The NAO made a number of recommendations to improve the commission’s regulation of charities and to strengthen its powers. Further calls for stronger powers were made by the Prime Minister’s extremism taskforce and the Home Affairs Select Committee. When the NAO published its report, the previous Government published proposals to give the commission new powers. After public consultation, these proposals were refined and a draft Bill was published. Following pre-legislative scrutiny, further changes were made. Thanks to all of this and the contributions of so many noble Lords, the proposals have been well scrutinised and the Bill before your Lordships today is much improved as a result.
The measures in the Bill are, of course, just one strand of a much-bigger strategy to improve the commission’s regulatory effectiveness. The commission now has strong leadership; it has set itself new priorities; and it has received an additional £9 million over three years. This will help it move more of its services online and, crucially, bolster its capacity to identify and tackle abuse and mismanagement in charities. The NAO has followed up its report and acknowledged that good, early progress has been made.
However, there is no point in the Charity Commission working harder to seek out abuse if the commission cannot act effectively when it finds abuse. So the bulk of the Bill is devoted to ensuring that the commission has new or extended powers, of which I would like briefly to highlight five. First, a new official warning power would enable the Charity Commission to take a more proportionate approach to low-level misconduct and mismanagement. The Charity Commission already can and does engage with charities when this happens, but it finds that up to 30% of charities contacted fail to respond adequately to its guidance.
Secondly, the existing criteria, which automatically disqualify a person from being a charity trustee, would be extended to include people with unspent convictions for money laundering, terrorism offences, bribery, misconduct in public office and perjury, and individuals subject to a terrorist asset-freezing designation.
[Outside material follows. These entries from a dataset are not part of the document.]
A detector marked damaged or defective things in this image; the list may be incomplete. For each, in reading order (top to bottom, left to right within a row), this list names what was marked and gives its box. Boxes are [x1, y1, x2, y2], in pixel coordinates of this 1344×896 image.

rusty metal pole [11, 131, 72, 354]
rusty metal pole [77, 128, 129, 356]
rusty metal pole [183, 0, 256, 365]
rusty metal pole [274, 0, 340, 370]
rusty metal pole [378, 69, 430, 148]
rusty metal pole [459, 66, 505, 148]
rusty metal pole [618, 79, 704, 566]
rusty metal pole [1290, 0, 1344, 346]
Disqualification would be extended to senior management positions as well.
Thirdly, the Bill would give the Charity Commission a power to disqualify individuals whose conduct makes them unfit to be a charity trustee. The commission would be able to act subject to three tests: criteria would have to be met relating to the person’s past or present conduct; the commission would have to consider the person unfit to serve as a charity trustee; and the commission would have to be satisfied that disqualification was expedient in the public interest. The power is accompanied by several safeguards, including for the tribunal to consider the matter afresh on appeal.
Fourthly, the Bill would give the Charity Commission a power to direct that a charity be wound up following a statutory inquiry; and fifthly; trustees have been known to resign from a charity before the commission removes them, and then to become trustees of another charity. The Bill would close this loophole.
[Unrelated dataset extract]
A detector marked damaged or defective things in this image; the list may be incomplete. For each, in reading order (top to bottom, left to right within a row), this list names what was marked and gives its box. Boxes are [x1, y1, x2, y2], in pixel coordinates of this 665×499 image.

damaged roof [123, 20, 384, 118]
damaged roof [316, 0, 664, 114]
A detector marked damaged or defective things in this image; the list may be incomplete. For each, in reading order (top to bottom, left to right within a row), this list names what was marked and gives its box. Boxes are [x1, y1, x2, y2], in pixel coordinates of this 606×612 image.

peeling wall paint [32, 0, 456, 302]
I know that, like me, your Lordships will want to be satisfied that there are appropriate safeguards governing the use of all these powers, so it is worth reminding the House that, under the Charities Act 2011, the Charity Commission has a duty to act in a way which is proportionate, accountable, consistent, transparent and targeted only at cases in which action is needed. Furthermore, the exercise by the commission of all of the proposed powers in the bill regarding trustees is open to legal challenge, principally by a right of appeal to the Charity Tribunal.
The second purpose of the Bill is to help charities to make social investments so that they can fulfil their mission in new and innovative ways. Traditionally, charities with money to invest have either sought to maximise financial returns or made grants to further their charitable mission. Social investment is different because it involves investments that both further the charitable mission and expect to generate a financial return. At present, charities have over £60 billion of assets under management, but just £100 million of those are in social investments. By clarifying the law and trustees’ duties, the Bill aims to give charities the confidence and certainty to invest in this growing sector. I should express my thanks to the Law Commission for England and Wales for looking at this point and recommending the new social investment power, which the Bill would implement.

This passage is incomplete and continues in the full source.